In honor of Park County’s upcoming famous festival, Burro Days, Pine resident Martha McKee Krueger shared a story with The Flume about her father, and a donkey.
In 1917, Krueger’s father, Robert “Bobby” McKee, with his parents, founded the first tourist lodge on the North Rim of the Grand Canyon at Bright Angel Point called the Wylie Way.
Burros held a very important job at this lodge. They were responsible for carrying water. In the summer of 1918, Bobby found Brighty; not only a hearty work donkey, but also a friend.
Every morning, Brighty would show up at the back of the kitchen ready for work, and of course, pancakes.

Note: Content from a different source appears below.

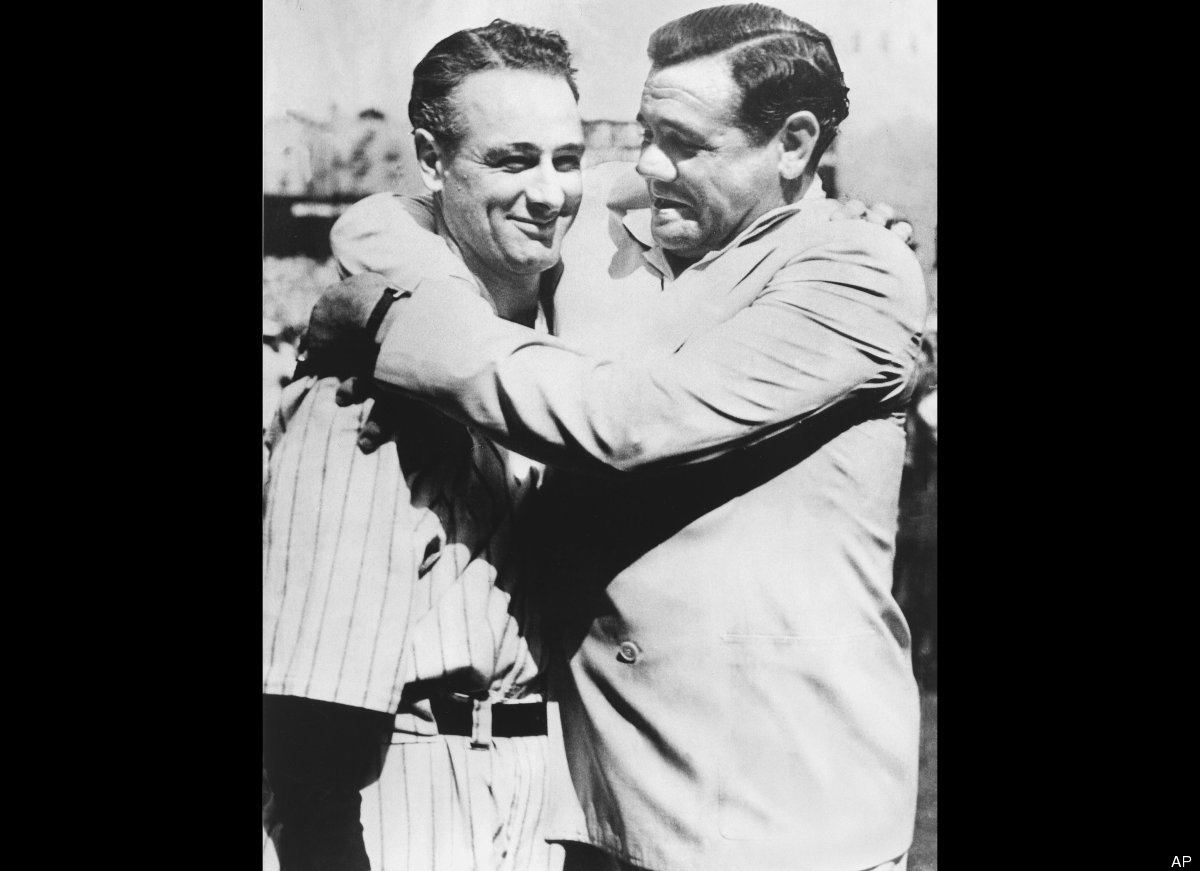 The Mystery of Lou Gehrig's Farewell Speech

Following breakfast, Bobby and his burro would ride down to a spring about half a mile west of Wylie Way, dropping 200 feet in elevation. At the spring, Bobby would fill two five-gallon buckets, and load them up in Brighty’s canvas bags, and head back up. Though, within the next two summers, Brighty’s load increased to two ten-gallon Ford gas tanks. When they were full, they weighed just under two hundred pounds.
It is unknown how many years Brighty was of service to Bobby and the Wylie Way camp but in “The McKee Family Collection,” a book of memoirs by Bobby in 1989, it is written that every spring someone would encourage Brighty to come up from the canyon and was there when the McKees arrived.
“He simply came with the territory,” wrote the author.
Bobby and his incredible burro would make four to seven trips a day. Through all this, Brighty carried on, always looking forward to a pancake reward at the end of each load.